Exercise aim:
Without any pictures, print the lines below from the one that has "Vercret 6 Pack" through the one that has "Sage green vertical", exactly and nothing else.
---+---
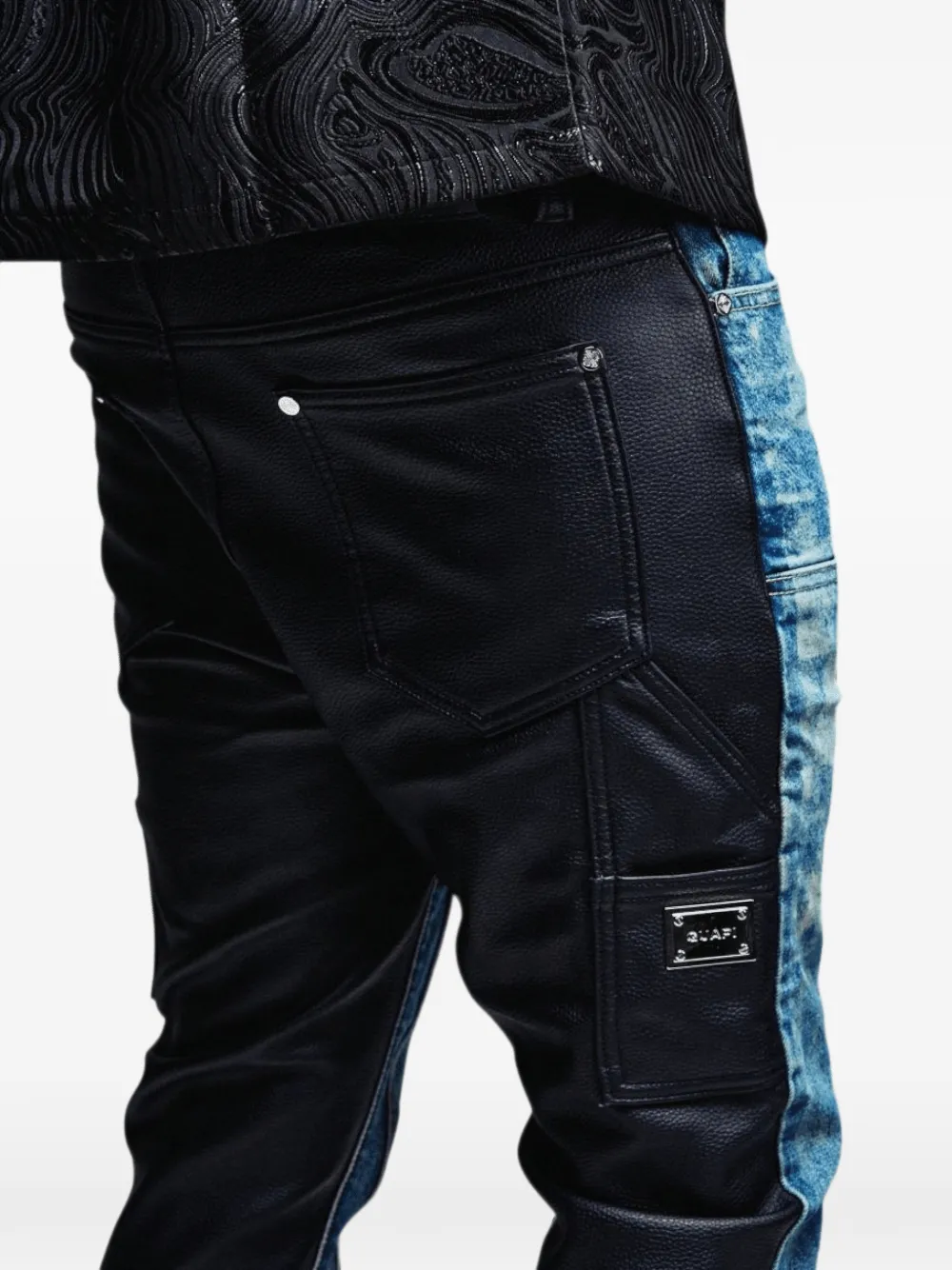 Guapi Checkerboard-print Panelled Jeans In Black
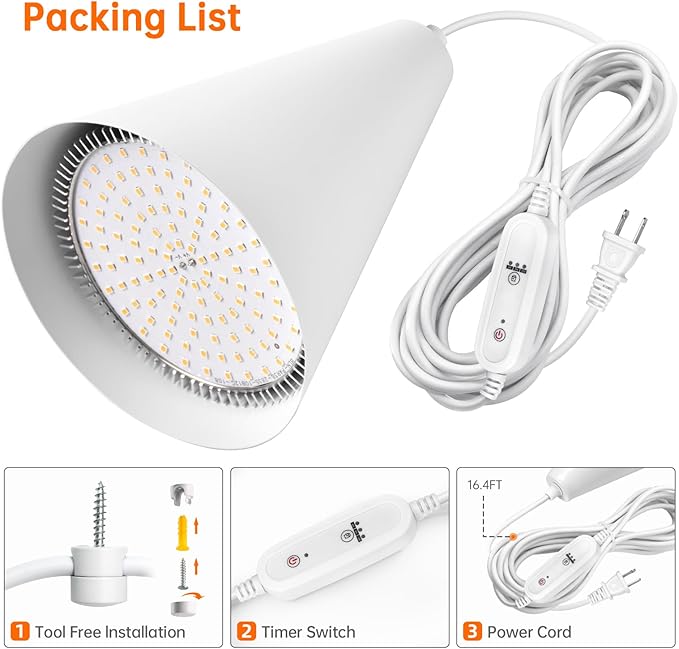 Bstrip Hanging Grow Lights for Indoor Plants-25W Full Spectrum 5000K Plant Light with 4H/9H/14H Timer& 16.4FT Power Cord for Indoor Growing, Ideal for Large Tall Plant, Garden and Flowers Greenhouse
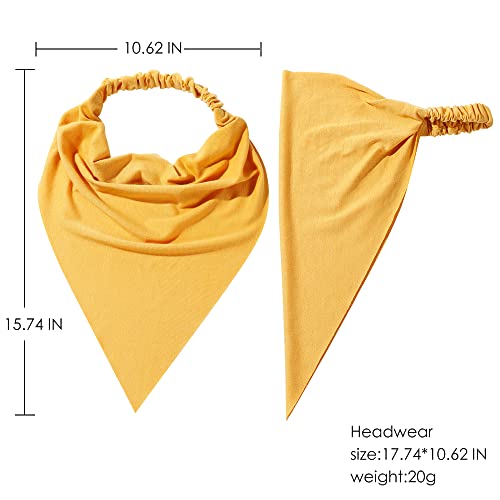 Vercret 6 Pack Hair Scarf Headband for Women Elastic Bandana Head Scarf Large Boho Triangle Kerchief with Clips Non Slip Scarves - color: E Dack Colors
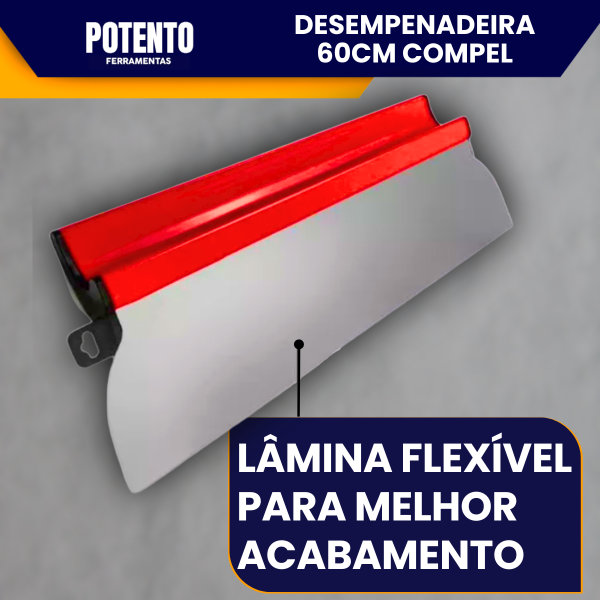 Desempenadeira Berox Compel 60cm, Aço Inox com Lâmina Flexível, Lisa, Para Massa Corrida - Imagem 2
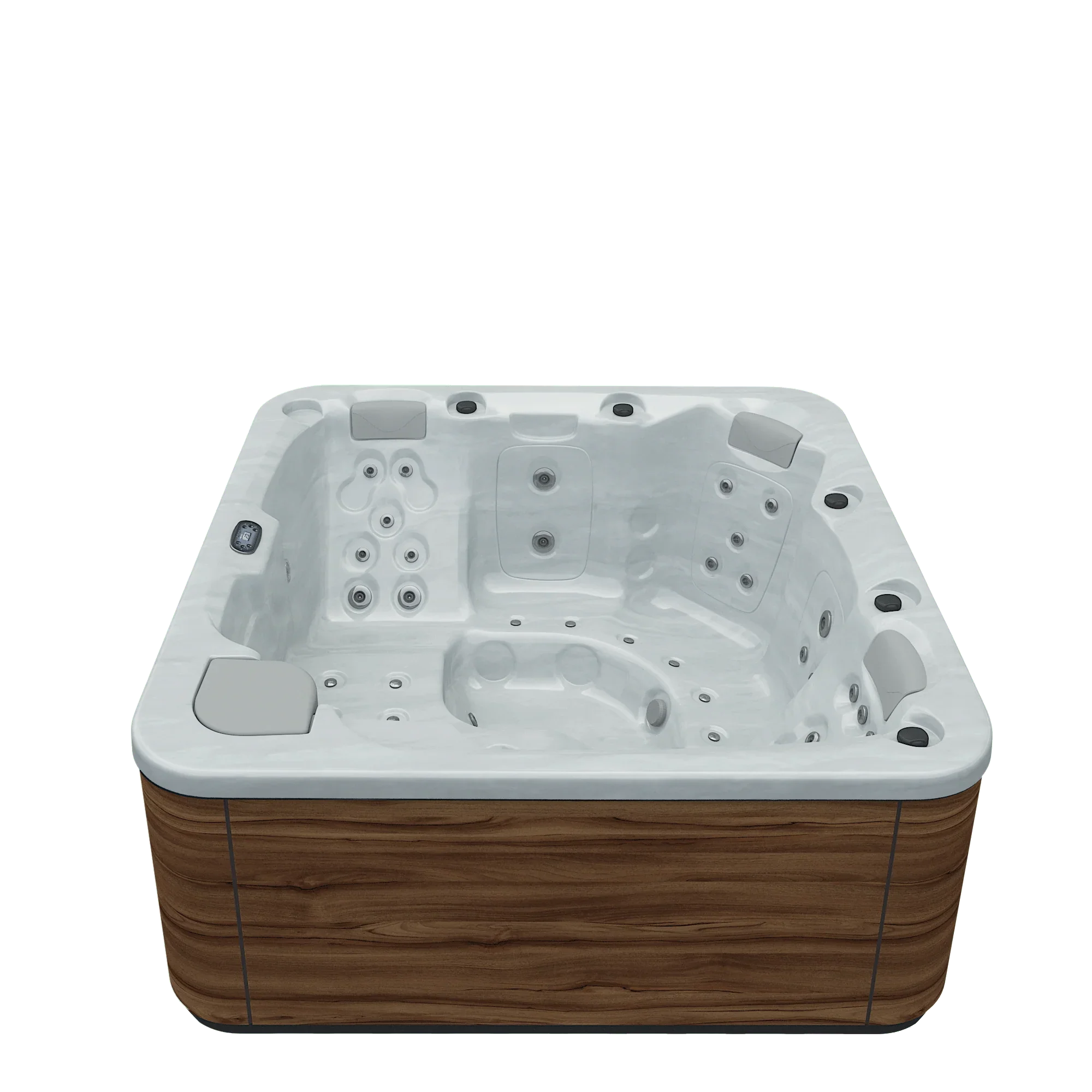 Moderner Outdoor Whirlpool mit weißer Acrylschale und Holzoptik für Garten oder Terrasse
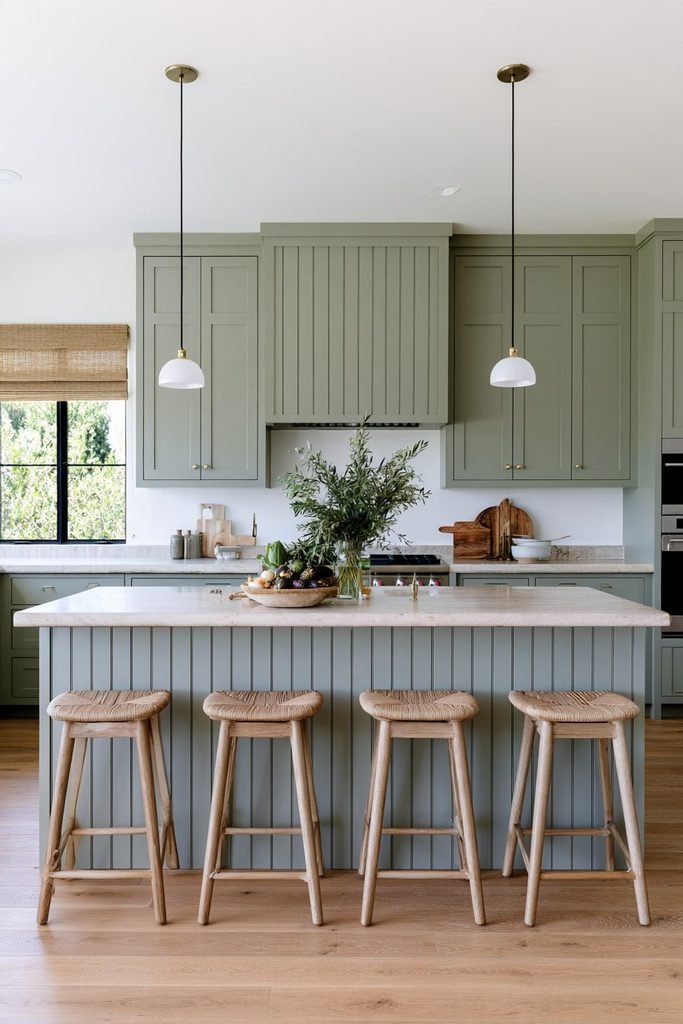 Sage green vertical shiplap kitchen island front surrounded by shaker cabinets, natural wood flooring, stone countertops, and woven counter stools.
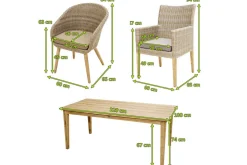 Hot Borneo Set, beige-meliert, Polyrattan/Akazie, Tisch 220 x 100 cm, 3 Cocktail-, 3 Landhaussessel, FSC®-zertifiziertes Produkt Polyrattan-Gartenmöbel|Garten-Essgruppen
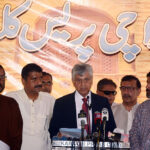 Caretaker Federal Minister for Information and Broadcasting Murtaza Solangi talking to media persons at Karachi Press Club.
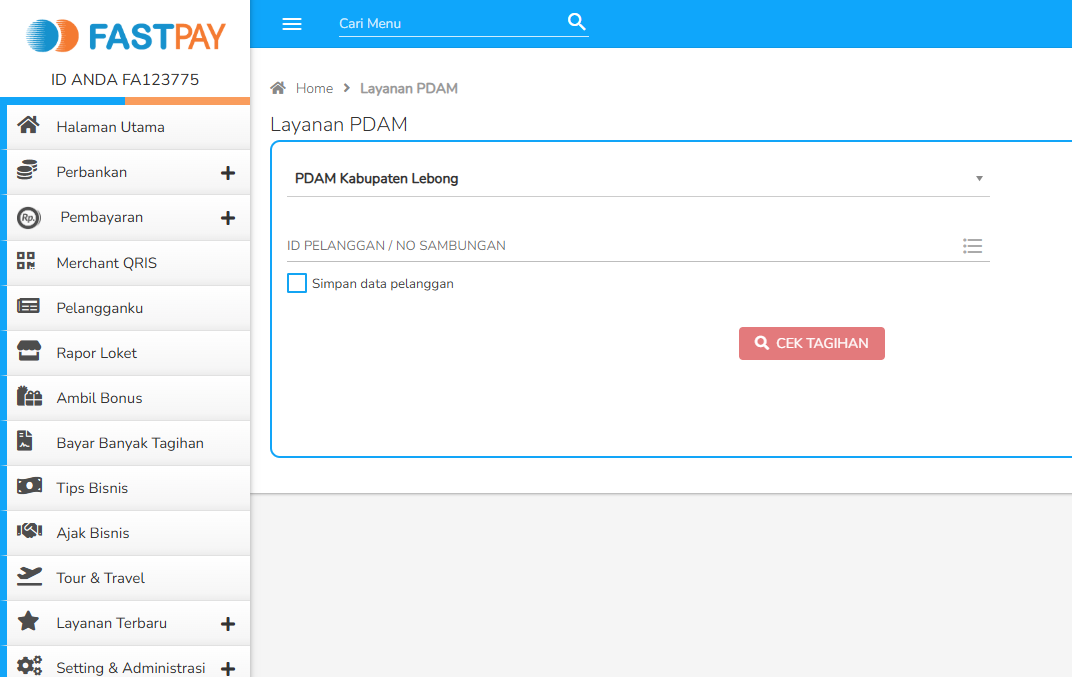 Gambar tampilan menu transaksi PDAM kabupaten lebong di Fastpay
---+---
Completed exercise:
 Vercret 6 Pack Hair Scarf Headband for Women Elastic Bandana Head Scarf Large Boho Triangle Kerchief with Clips Non Slip Scarves - color: E Dack Colors
 Desempenadeira Berox Compel 60cm, Aço Inox com Lâmina Flexível, Lisa, Para Massa Corrida - Imagem 2
 Moderner Outdoor Whirlpool mit weißer Acrylschale und Holzoptik für Garten oder Terrasse
 Sage green vertical shiplap kitchen island front surrounded by shaker cabinets, natural wood flooring, stone countertops, and woven counter stools.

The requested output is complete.